Magic general manager Rob Hennigan said Monday that “we hope to have him back within the next few weeks” for practice. No timetable has been projected for the 6-foot-9 forward’s return to game action, with Hennigan adding, “We’re going to intentionally leave that nebulous.”
The Magic’s first preseason game is next Wednesday night in Jacksonville against the New Orleans Pelicans, with their regular-season opener taking place Oct. 29 at Indiana.
Davis, who was acquired from the Boston Celtics in December 2011 after the NBA lockout ended, is every bit as vague as Hennigan on how well his foot is healing.
“I could feel great two weeks from now, or I could not feel great,” he said.
But there are other subjects on which he is straightforward, including his weight. While Davis hasn’t been leading an entirely sedentary existence, he would like to lose between 20 and 30 pounds on a body that he said is currently around 305 pounds.
“I haven’t been 280 since, like, sixth grade,” said Davis, whose nickname of Big Baby was given to him at the age of 9 by a youth league coach.
And he doesn’t consider it crazy that, if healthy, he could help the Magic contend for a playoff spot in an Eastern Conference that is up for grabs beyond the top half-dozen teams. While they finished with the worst record in the league last season at 20-62, the Magic were 12-13 when Davis sprained his left shoulder in the closing moments of a victory over the Washington Wizards. By the time he returned in mid-January, the onslaught of losses had begun.
“You look at our record before I got hurt,” he said. “We were right in the mix. Then we dropped games. It was tough to know that you’re the reason why we’re losing. You want to be there. You want to be a part of the team. You want to be on the floor doing and experiencing those things. It just made me appreciate the game even more.”
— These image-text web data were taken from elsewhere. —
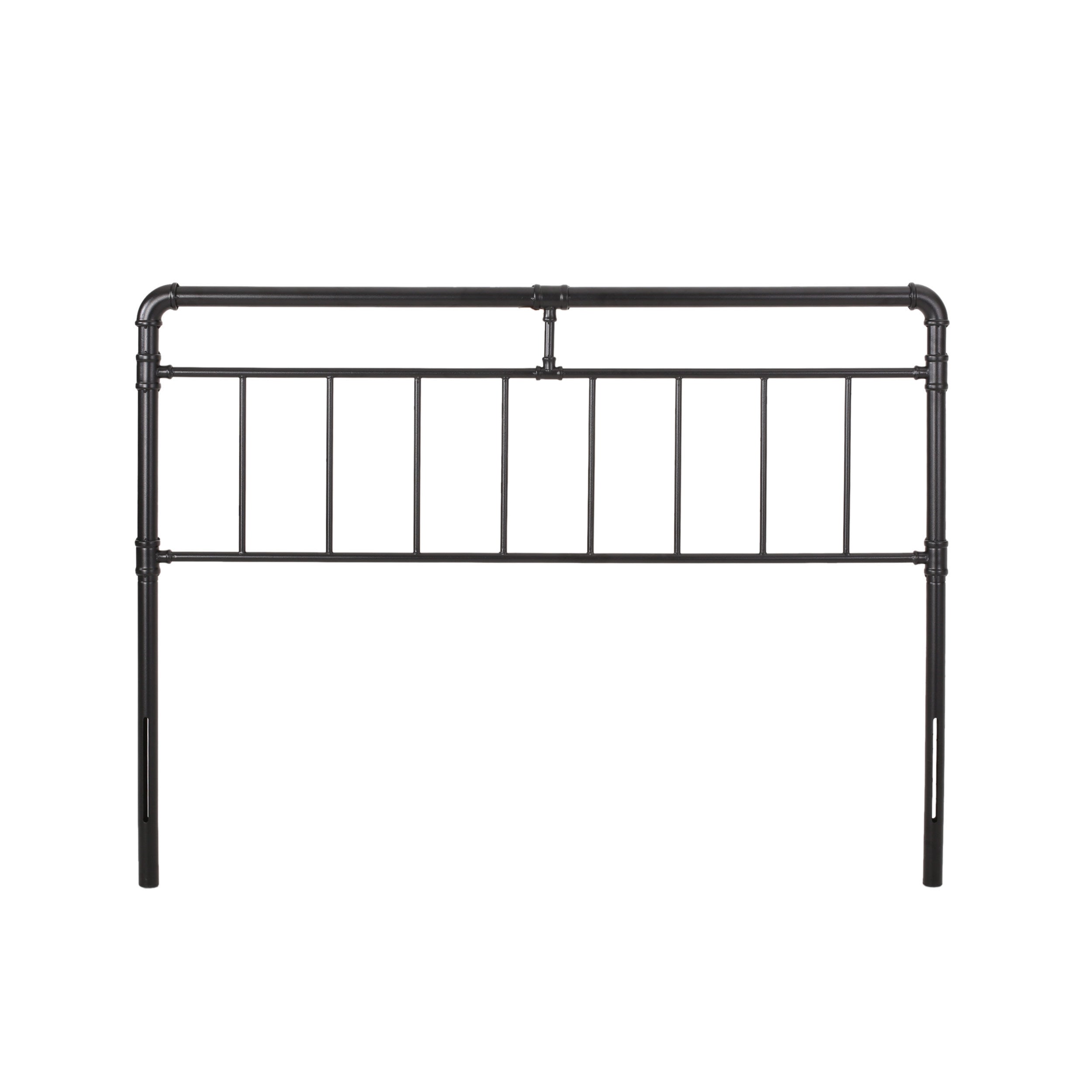 QUEEN SIZE HEADBOARD - Atlantic Fine Furniture Melbourne FL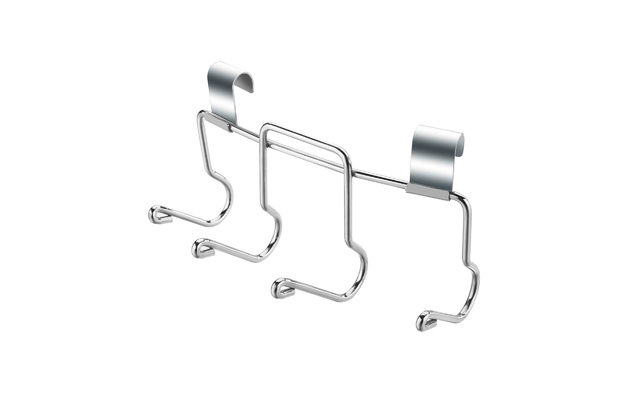 Gancho Para Barbacoa Cadac 3 Gancho Para Barbacoa Cadac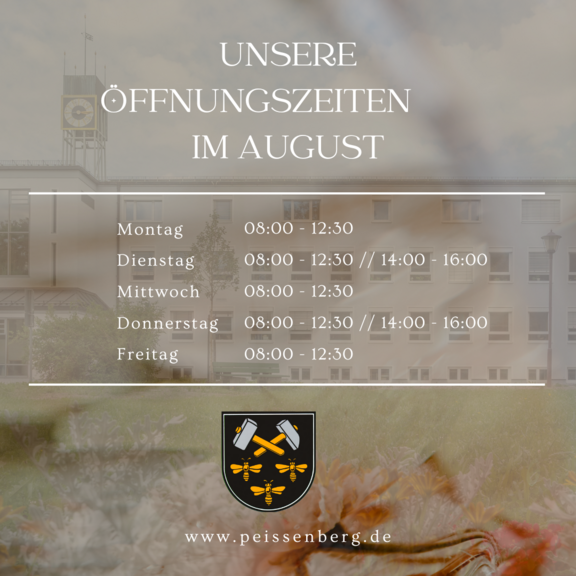 Öffnungszeiten_August.png  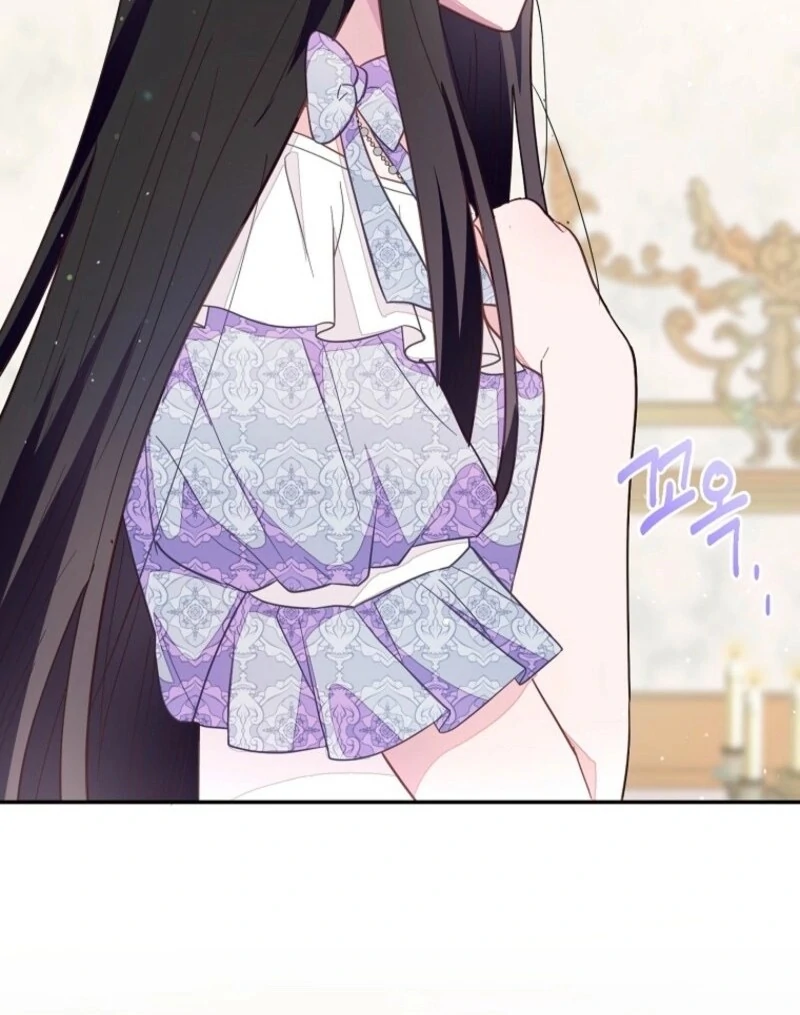 118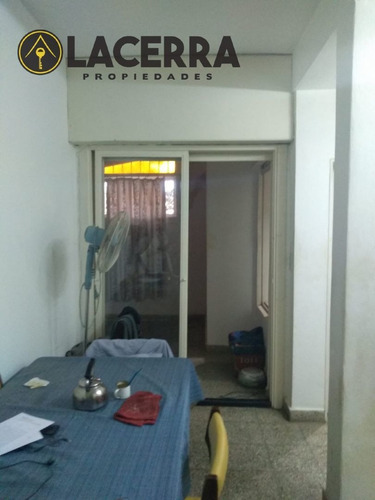 Imagen 5 de 14 de Departamento Dos Ambientes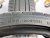 275 30 20 GOODYEAR EAGLE F1 ASYMMETRIC 3 RFT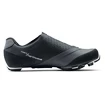 Scarpe coi tacchetti da ciclismo da uomo NorthWave  Extreme Xc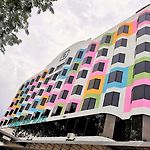 Kuching Park Hotel pics,photos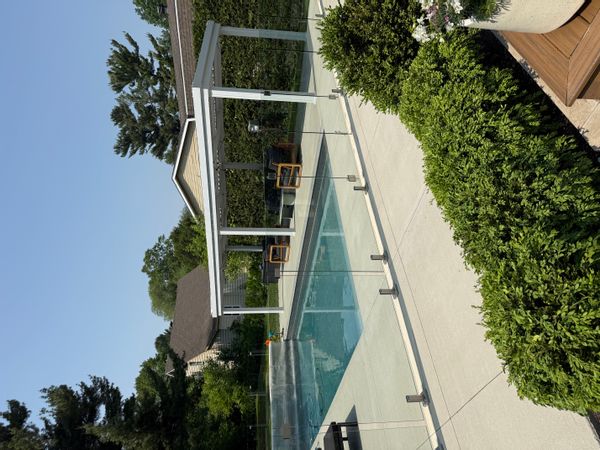 home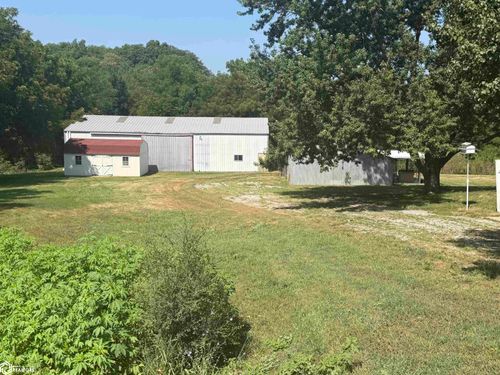 3167 110th Ave, Blockton, IA, 50836-8815 | Card Image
Until the Magic signed free agents Jason Maxiell and Ronnie Price over the summer and invited journeyman Solomon Jones to training camp, Davis could have qualified as one of the team’s elder statesmen. He won’t turn 28 until New Year’s Day and said he’d like to play “another six, seven years,” although that clearly is contingent upon his recovery from the type of injury that players fear almost as much as tearing a knee ligament.
All that time in an orthopedic walking boot has left him restless.
“I’ve probably had one month without being in a boot,” he said. “I’ve been locked up. You want to take your time. You want to get those muscles in that foot firing again.”
Whatever running Davis has done has been in a pool at the Magic’s training facilities. He is trying to stay prepared mentally by watching what his teammates are going through in practice, and he would like to think all the free throws he is attempting at the end of workouts will pay off in the long run.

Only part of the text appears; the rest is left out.